What is the Goal of Vaccine Discourse?
Every day of 2021 brings more good COVID-19 vaccine news in the United States. As of early March, an average of nearly two million Americans were being vaccinated per day. The FDA approved the Johnson and Johnson one-shot vaccine back in late February. States are loosening their restrictions on who is eligible and how they can receive their shots. At the same time, coronavirus-related news remains cautiously optimistic. The drop in cases has slowed but remains steady. Warmer spring air, along with numerous medical developments, have made many Americans more optimistic than they had been in months.
Questions still remain, however. What will the impact of the virus variants be? How will state governments such as Texas and Mississippi impede the fight against the virus by repealing mask mandates? And, most importantly, how should we as a nation be talking about the COVID-19 vaccine? How do we overcome the continued hesitancy to get the shot and the constant fearmongering and conspiracy theories surrounding the vaccine? Resistance to the vaccine has dropped considerably since December, with a recent study showing only 24% of Americans planning on not receiving a COVID-19 vaccine when it becomes available to them. How can we get those numbers down to zero?

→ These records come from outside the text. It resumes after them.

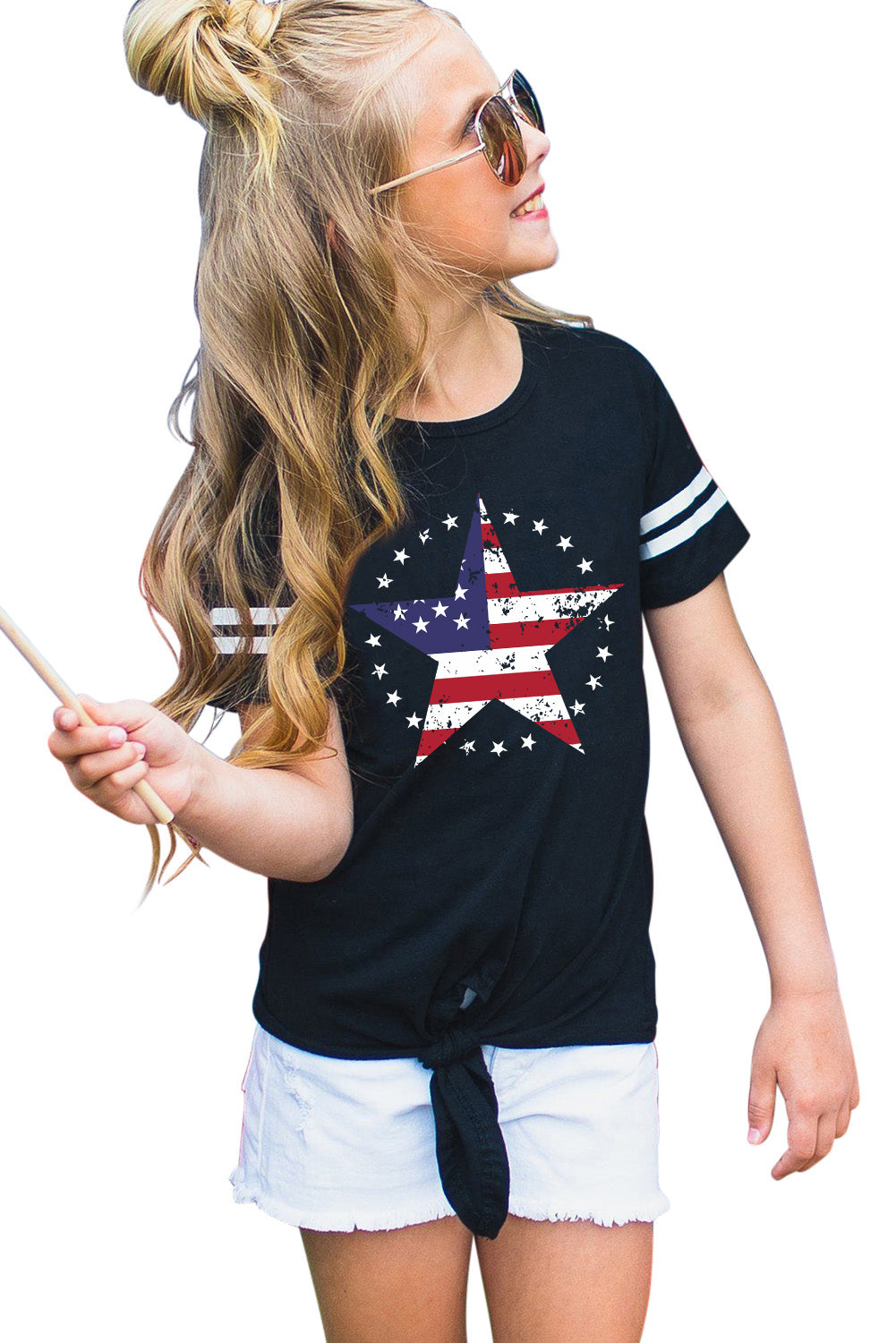 Black Flag Star Tie Front Graphic T Shirt Family T-shirts JT's Designer Fashion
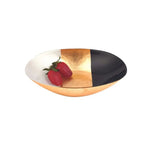 12" Gold Black and White Oval Glass Serving Bowl - Homeroots
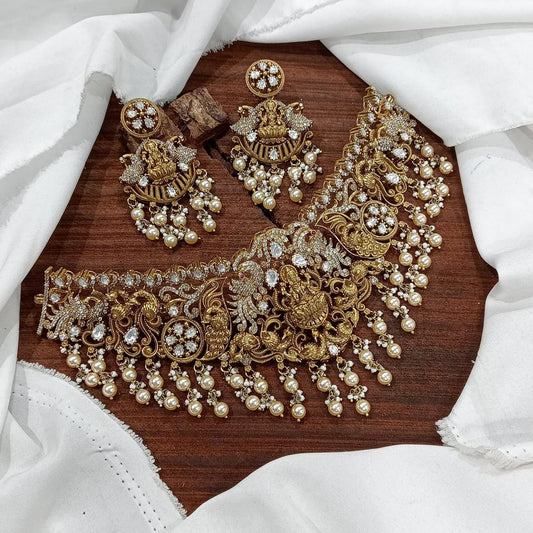 Premium Quality Matte Antique Choker Necklace Set With Earrings - Lakshmi Motif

The goal of vaccine discourse should be to share information that will push as many people as possible to legally obtain the vaccine. Public officials, policy writers, and others should be crafting their messages to pursue this goal. There are no certainties about vaccine messaging, but it is obvious that portraying the vaccine as helpful and effective is central to an effective communications policy. People enjoy having the power to change society for the better. They want to go back to doing the things they were doing before March 2020. The vaccine is a step every individual can take to protect themselves, protect their friends, and bring society back to normal. Why wouldn’t everyone want to emphasize its importance?
Unfortunately, many writers and public officials have not made “more vaccines in arms” their number one messaging goal. They want to emphasize other, less tangible or beneficial goals in their messages and tweets. Many of these writers believe in the power of public discourse to dictate behavior. They believe that beneficial messages about vaccines will be lumped together with positive rhetoric about the virus itself not being harmful.
According to these writers, this soft-on-viruses rhetoric was a major reason why the United States has suffered more than any other developed nation. Bloomberg’s Noah Smith summarized their views in a recent tweet in response to a story about declining case numbers: “we’re going to eat the marshmallow, we always do.” These writers believe that if they say the vaccine will end the pandemic, unvaccinated people will go out and return to their pre-2020 behavior. They will increase case numbers, strain hospitals, and lead to a worsening of the pandemic right at the moment when cases should be dropping.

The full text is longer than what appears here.